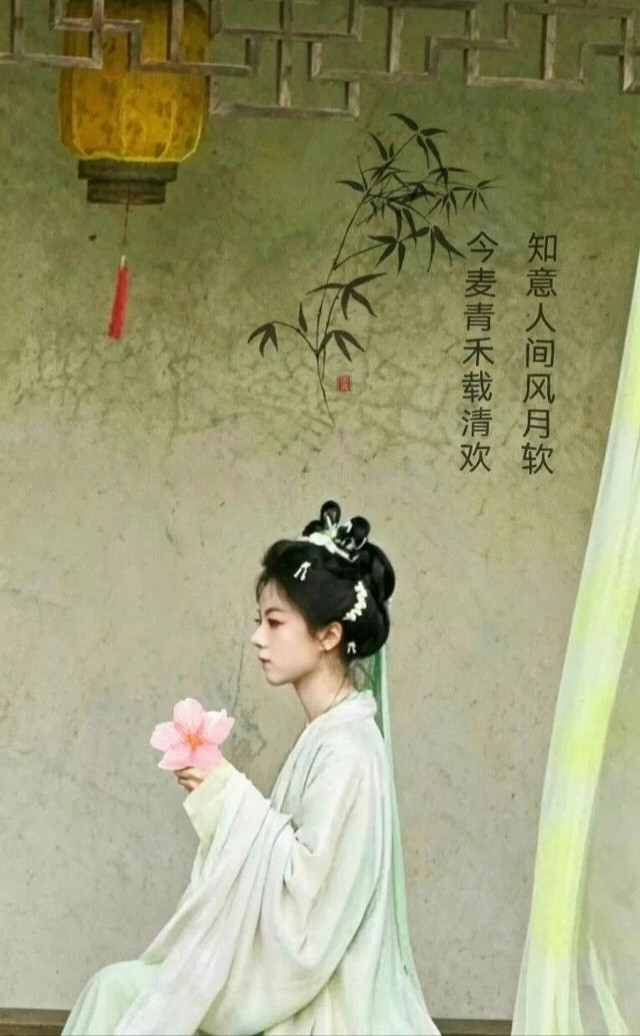 赵今麦救场《一念江南》安徽黄山正式开机，赵今麦一袭浅绿色宋制古装、王安宇清爽文官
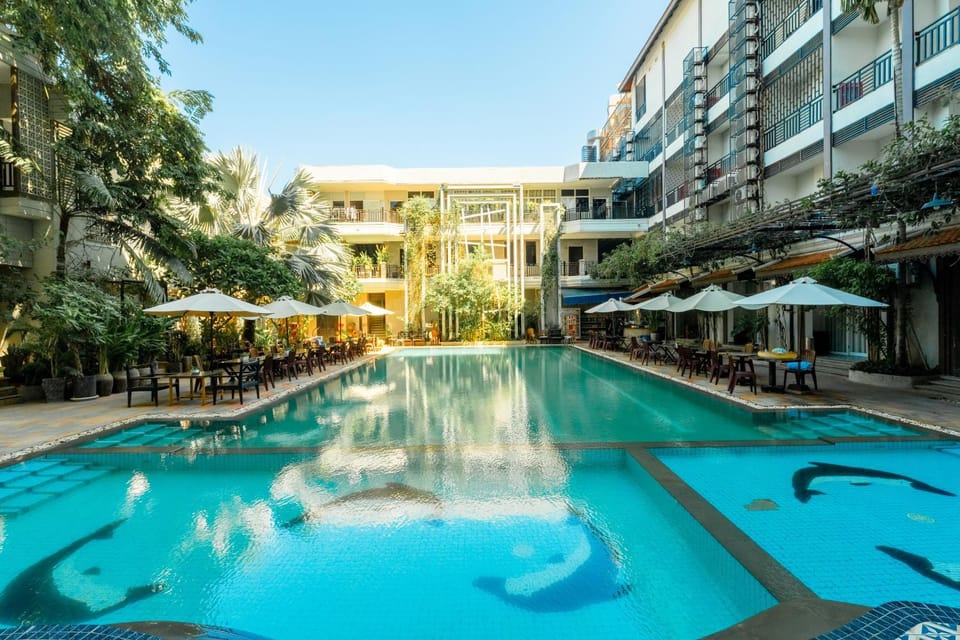 Pool view, Swimming pool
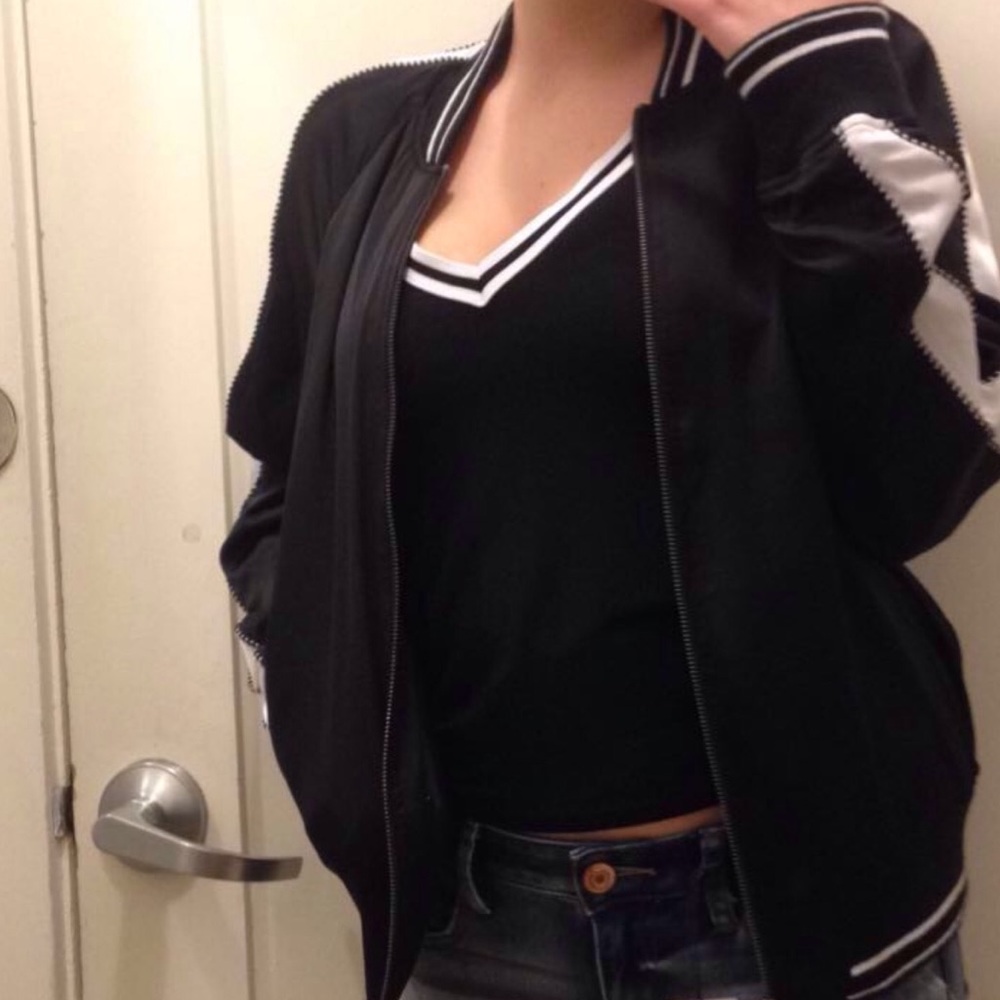 Jacket very comfy.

- - - - -

DESCRIPTION OF THE TASK: Leave the images out as you retype each line of the material exactly.

THE ANSWER:
 赵今麦救场《一念江南》安徽黄山正式开机，赵今麦一袭浅绿色宋制古装、王安宇清爽文官
 Pool view, Swimming pool
 Jacket very comfy.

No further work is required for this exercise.